▸ About this exercise: The line with "Dezmembrez suzuki grand" marks the start; please set it down along with all later lines through the end of the material, exactly, leaving out pictures.

▸ Data to process:
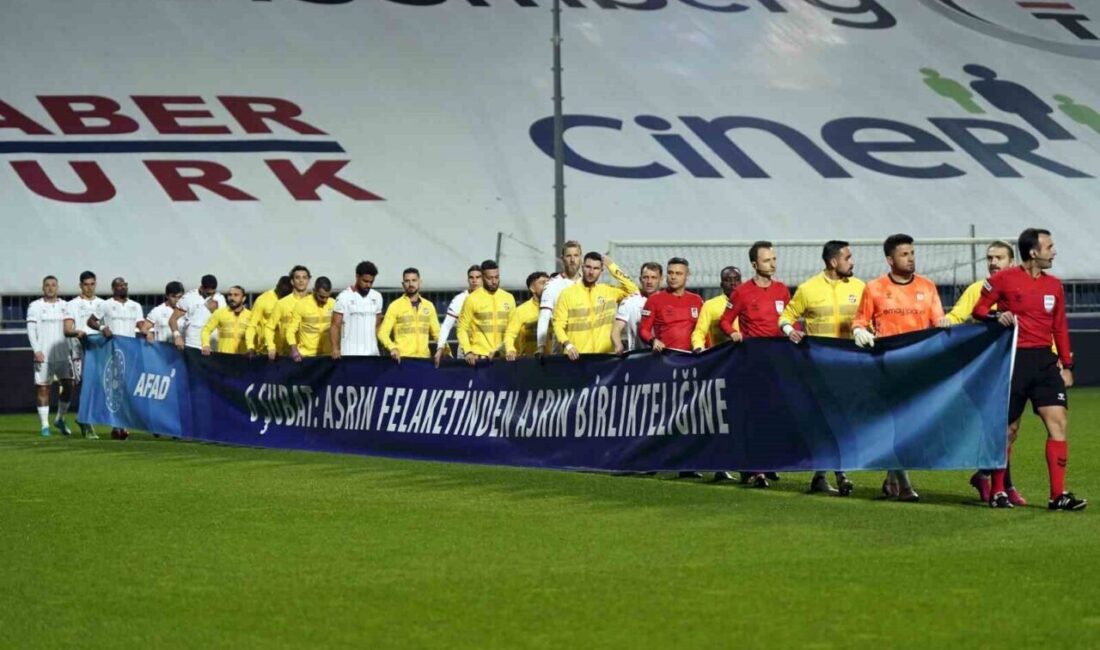 Eyüpspor ile Sivasspor, Süper Lig’de 22. hafta mücadelesinde karşı karşıya geldi! Trendyol Süper Lig'in 22. haftasında Eyüpspor, Sivasspor ile oynadığı maçın
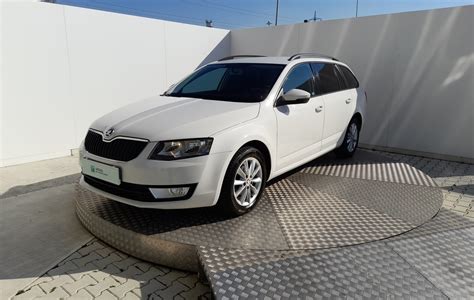 ŠKODA Octavia III Combi Ambition 1 6 TDi 66kW za 8800 00 AUTOPOLIS sk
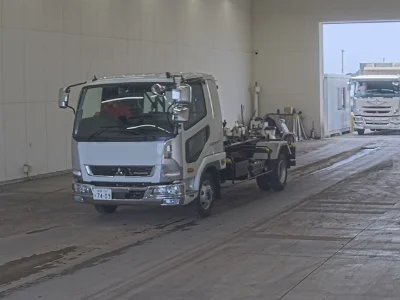 MITSUBISHI FUSO FIGHTER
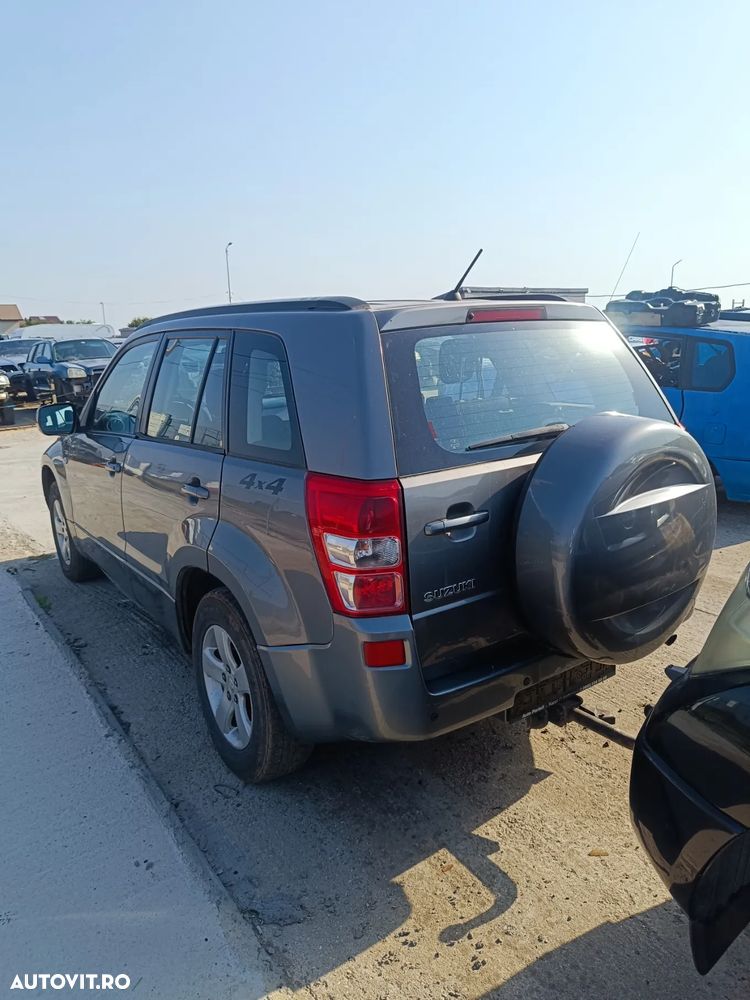 Dezmembrez suzuki grand Vitara 1.9ddis fabr.2006 - 3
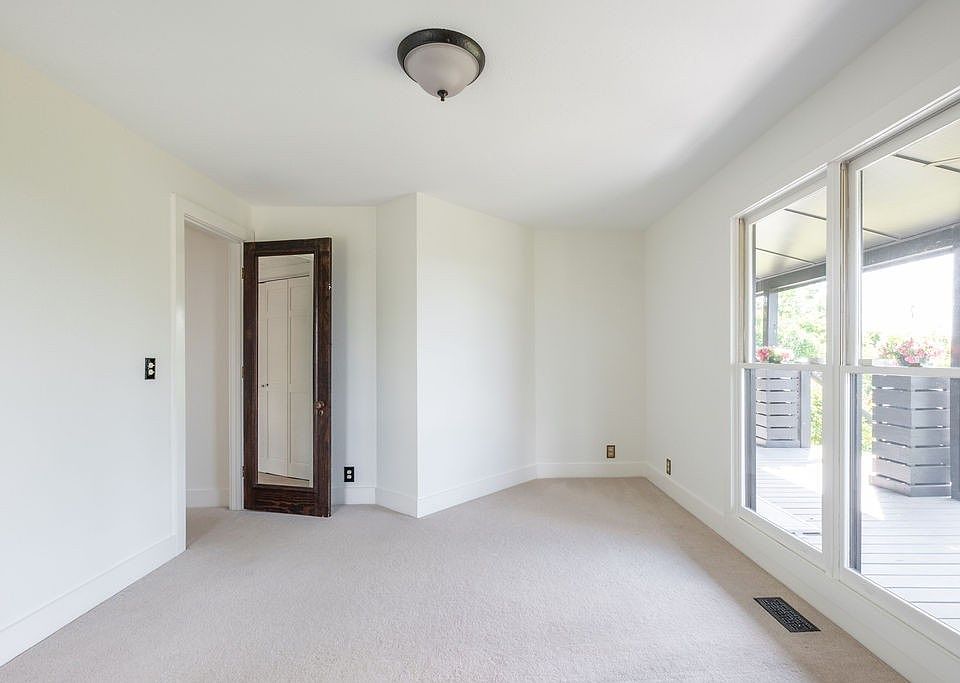 34th image of 2351 Harlan Rd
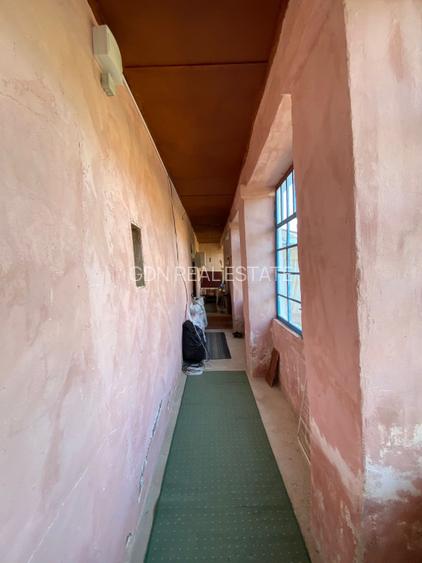 Casă de vacanță , 2 cam, teren 3.381 mp - 8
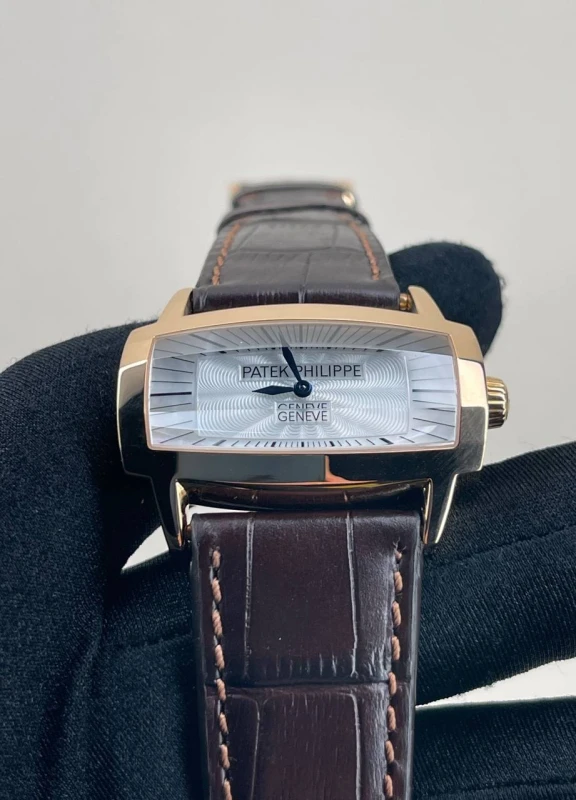 Patek Philippe 11032004 4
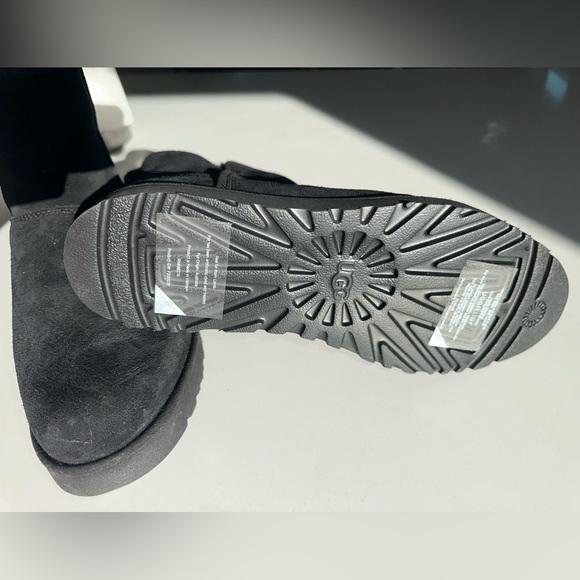 UGG- Cory II Bootie {women’s 10} - Picture 6 of 8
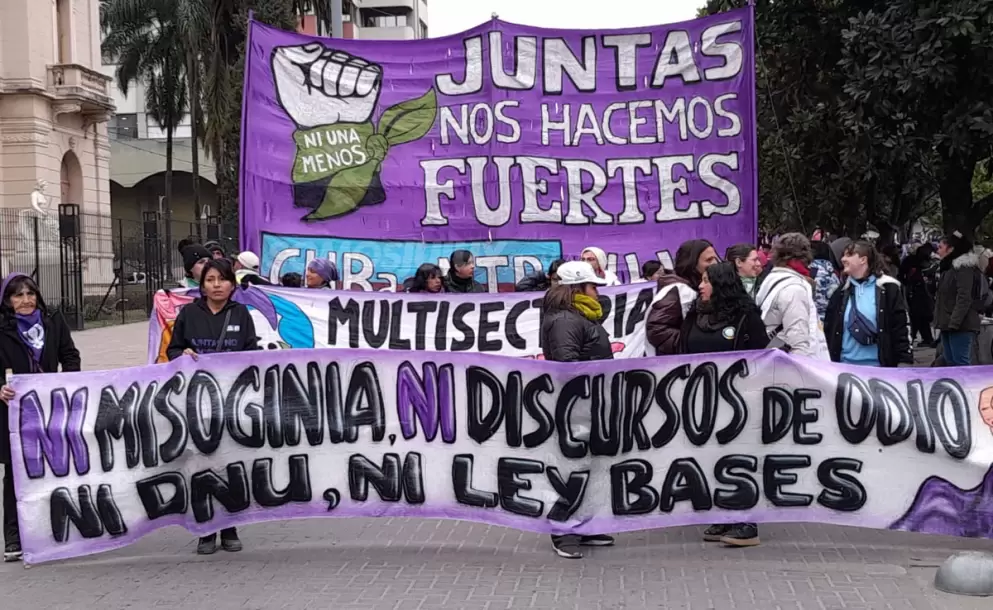 25N: Mujeres y disidencias marchan para exigir el fin de la violencia machista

▸ Solution for this task:
 Dezmembrez suzuki grand Vitara 1.9ddis fabr.2006 - 3
 34th image of 2351 Harlan Rd
 Casă de vacanță , 2 cam, teren 3.381 mp - 8
 Patek Philippe 11032004 4
 UGG- Cory II Bootie {women’s 10} - Picture 6 of 8
 25N: Mujeres y disidencias marchan para exigir el fin de la violencia machista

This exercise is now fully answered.